When a user encounters a 404 on this site (and a few others I run), I run MovableType's search and show the results to the user (or forward them to the appropriate entry if there's only one match). I also send an email to myself, and lately they've been illustrated that a good many users have problems with the "feed://" (pseudo-)protocol.

Queried URL: http://thesandtrap.com/feed://thesandtrap.com/podcast.xml
Queried URL: http://nslog.com/feed://nslog.com/index.rss

For now, I've taken care of it as such:

RedirectMatch /feed://thesandtrap.com/(.*) http://thesandtrap.com/$1
RedirectMatch /feed://nslog.com/(.*) http://nslog.com/$1

In other words, a lot of people are trying to subscribe to (or at least click on) my feeds but using a browser that both doesn't understand "feed://" and won't simply replace it with "http://" when it fails to understand it.

8 Responses to "The ‘feed://’ Protocol"

  1. Can you tell from your logs which browsers get it wrong?

  2. Using "feed://" was a bad idea. It gives you nothing and breaks many different things. The protocol being used is http, there's no point in calling it something else.

  3. Dustin, I disagree. "feed://" was effectively a grassroots effort to get browsers to recognize that the URL should be handed off to something that registered the protocol handler. On the Mac, that's largely true and it's been pretty successful: Firefox, OmniWeb, Camino, and Safari all support "feed://" and applications can register with the system as being the handler for the "protocol."

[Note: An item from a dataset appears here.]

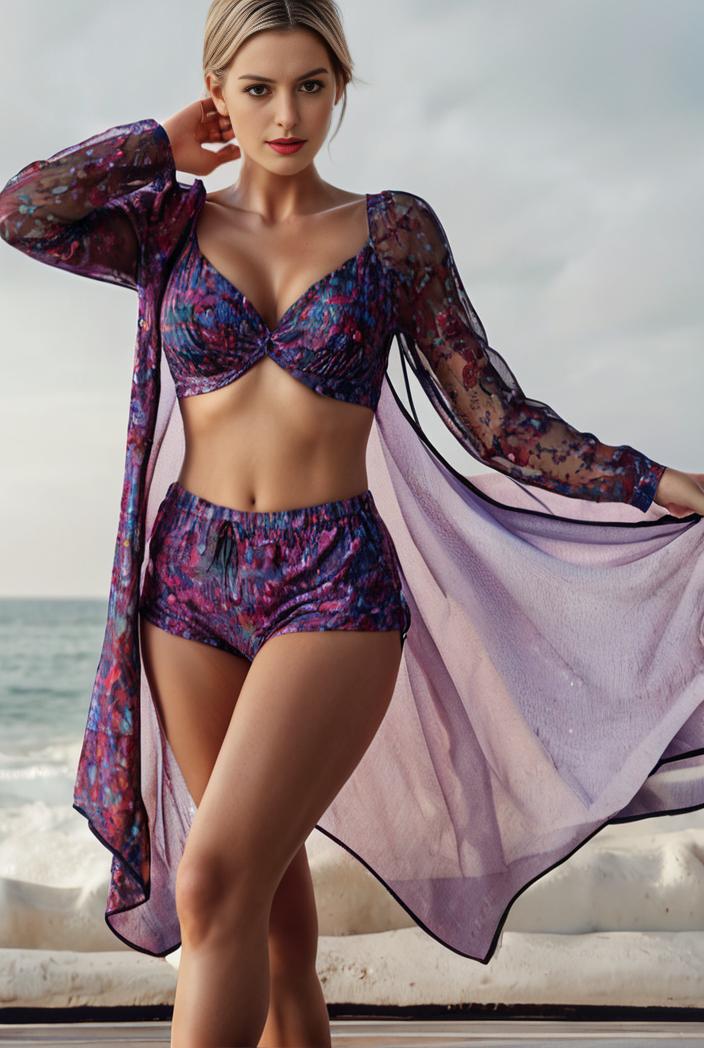 3 pieces sexy print bikini women high waist swimsuit cover up swimwear female lady bathing suit swimming summer beachwear 127140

    Jon, the 404 search email I get isn't a log per se, but I can add a line of PHP to the 404 search script so that will tell me. I'll do that now…

  4. When you say "a good many", what kind of percentage are you talking about?

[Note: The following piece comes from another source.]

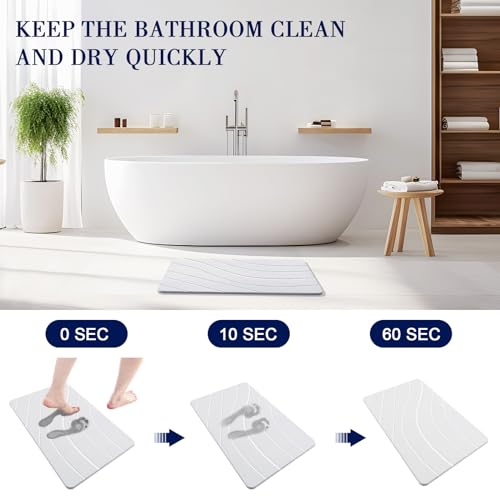 KOOTETA STONE BATH MAT DIATOMACEOUS EARTH SHOWER MAT NON-SLIP SBM-BL-W - WHITE - Like New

  5. Mike, that's impossible to tell since the 404 search isn't triggered when someone's browser properly interprets "feed://".

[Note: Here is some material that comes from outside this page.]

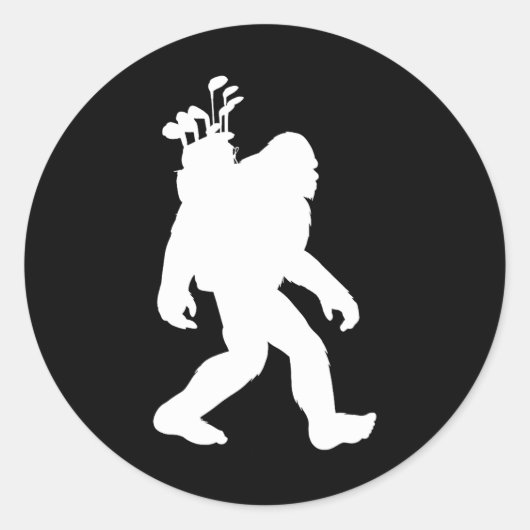 Sticker Rond Bigfoot Golf drôle Bigfoot Golf (Devant)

  6. Why is a different protocol name necessary to replicate what MIME types do in the http protocol? When I load an RSS feed in Safari in will automatically detect that it's a feed and display it as such, regardless of whether it's linked as http: or feed:. Clearly the feed: isn't needed to detect it as a feed. So the requirement to use the feed: protocol is not a requirement. So what's the point? I see none.

  7. Dustin, it's still comes in handy for those on 10.3 (older version of Safari) and it's still a requirement for those using browsers not named "Safari."

    And don't put words in my mouth - you're the first to use the word "requirement." Nobody else has said that.

  8. I think I would rather a link be set up for browsers that are not rss feed savvy, allowing that manipulation to be handled manually. I use Safari, and like its RSS implementation, but really don't want OmniWeb to be automatically fed/ subscribe to a feed (I do not like the way it handles feeds). I haven't even run across a problem with Firefox, which I will use occasionally to read blogs made with blogger, as it seems to parse them with the least amount of effort, but otherwise, firefox is really not doing a lot of RSS or Atom by my intent.

    On my desktop I use primarily OmniWeb and Firefox with Pulp Fiction; on my Powerbook I use Safari only.